How did I learn about writing, or did I? Certainly I never learned to write like Frank Mecca, my college roommate who won awards for Shell Oil Company, or the voice of Lee Iaocca in his Chrysler car commercials. I could never write like one of my first neighbors Rod Thorp (detective novels) or like my uncle Fred who wrote the most humorous letters to me when I was in college or even like my sister who was an outstanding copywriter and consumer activist.
There were a couple of life-opening experiences I had at the University of Oklahoma that helped me learn something about writing. The first was an English class I took with a professor (name unremembered) who told us “Good English is That English Which is Appropriate to Time, Place and Situation.” Based on that definition he said we won’t talk about sentence structure or grammar, we’ll talk about anything and everything. We did and it was a fun and enjoyable class.
For example, we learned about the concentration of wealth in this country and the earliest actions of the Civil Rights Movement. Having had these discussions in class, we had to write short essays on the subjects.
The textbook by Perrin (how did I remember that name) had the professor’s definition, but we never read any more. As you can see I, unfortunately, never learned much about grammar and I became the king of the run-on sentences. Some years later I learned that professor was accused of being a communist and terminated from the University.

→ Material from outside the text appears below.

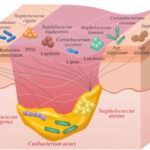 staphylococcus epidermidis skin and skin structure infection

The second experience was also at OU in a course called “Business Communications.” We learned something about how to prepare a resume, how to write a proposal and other forms of business reports. The most important thing I learned was in all communications, tell a story.
You need a beginning, an opening, an introduction followed by the middle, the content and then an ending that is a conclusion and/or a call to action. To tell a story I was told, write like you are telling a story to a friend. In essence, write like you speak.
Here are the eight steps I gave to employees to help them improve their writing:
- Read more. Read lots of books, magazines. Read anything and everything.
- Before you start, organize your thoughts. Make notes or have an agenda for what you want to write.
- Understand you need to know something about grammar, but writing is not a separate formal language with a whole set of different rules.
- (Most important). Writing is telling a story on paper. Try writing like you would talk to someone to tell a story. Try dictating into a tape recorder or get voice recognition software for your computer. Or think to yourself what would I say if I were speaking to someone?
- You can always add the grammar when you edit your draft.
- You have to be an editor. It’s tough, but you have to go back over what you have written and polish it.
- Remember what you write has to have a beginning (an opening), a middle (the content) and an ending. The same is essentially true for each sentence.
- Write often, write a lot. The more you write the better you will get. Write notes, letters, reports.
Maybe these steps can help you or someone you know who wants to improve their writing.